The silver went before Hook had left London. He had never been so lonely or so far from his home village and so his coins went on ale, tavern whores, and on a pair of tall boots that fell apart long before he reached Soissons. He had seen the sea for the first time on that journey, and he had scarce believed what he saw, and he still sometimes tried to remember what it looked like. He imagined a lake in his head, only a lake that never ended and was angrier than any water he had ever seen before. He had traveled with twelve other archers and they had been met in Calais by a dozen men-at-arms who wore the livery of Burgundy and Hook remembered thinking they must be English because the yellow lilies on their coats were like those he had seen on the king's men in London, but these men-at-arms spoke a strange tongue that neither Hook nor his companions understood. After that they had walked all the way to Soissons because there was no money to buy the horses that every archer expected to receive from his lord in England. Two horse-drawn carts had accompanied their march, the carts loaded with spare bowstaves and thick, rattling sheaves of arrows.

They were a strange group of archers. Some were old men, a few limped from ancient wounds, and most were drunkards.

"I scrape the barrel," Henry of Calais had told Hook before they had left England, "but you look fresh, boy. So what did you do wrong?"

"Wrong?"

"You're here, aren't you? Are you outlaw?"

Hook nodded. "I think so."

"Think so! You either are or you aren't. So what did you do wrong?"

"I hit a priest."

"You did?" Henry, a stout man with a bitter, closed face and a bald head, had looked interested for a moment, then shrugged. "You want to be careful about the church these days, boy. The black crows are in a burning mood. So is the king. Tough little bastard, our Henry. Have you ever seen him?"

"Once," Hook said.

"See that scar on his face? Took an arrow there, smack in the cheek and it didn't kill him! And ever since he's been convinced that God is his best friend and now he's set on burning God's enemies. Right, tomorrow you're going to help fetch arrows from the Tower, then you'll sail to Calais."

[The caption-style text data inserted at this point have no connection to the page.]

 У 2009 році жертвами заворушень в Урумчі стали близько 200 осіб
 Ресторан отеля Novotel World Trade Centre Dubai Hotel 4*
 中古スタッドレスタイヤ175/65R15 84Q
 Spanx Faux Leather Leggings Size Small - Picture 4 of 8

And so Nicholas Hook, outlaw and archer, had traveled to Soissons where he wore the jagged red cross of Burgundy and walked the high city wall. He was part of an English contingent hired by the Duke of Burgundy and commanded by a supercilious man-at-arms named Sir Roger Pallaire. Hook rarely saw Pallaire, taking his orders instead from a centenar named Smithson who spent his time in a tavern called L'Oie, the Goose. "They all hate us," Smithson had greeted his newest troops, "so don't walk the city at night on your own. Not unless you want a knife in your back."

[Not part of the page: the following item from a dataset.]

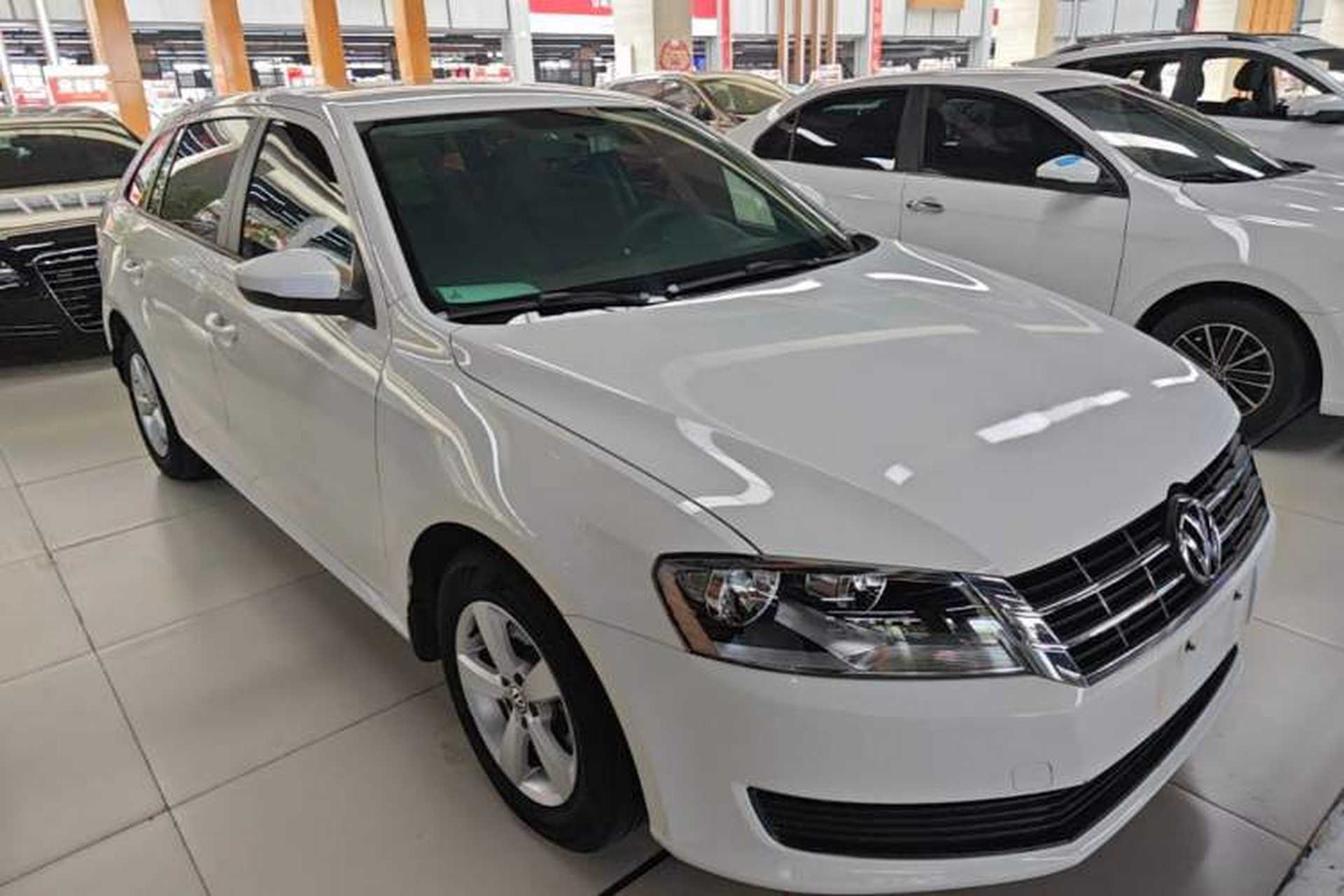Used Volkswagen Gran Lavida 2013 1.6L Automatic Fashion Model Front Right 45 Deg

The garrison was Burgundian, but the citizens of Soissons were loyal to their imbecile king, Charles VI of France. Hook, even after three months in the fortress-city, still did not understand why the Burgundians and the French so loathed each other, for they seemed indistinguishable to him. They spoke the same language and, he was told, the Duke of Burgundy was not only the mad king's cousin, but also father-in-law to the French dauphin. "Family quarrel, lad," John Wilkinson told him, "worst kind of quarrel there is."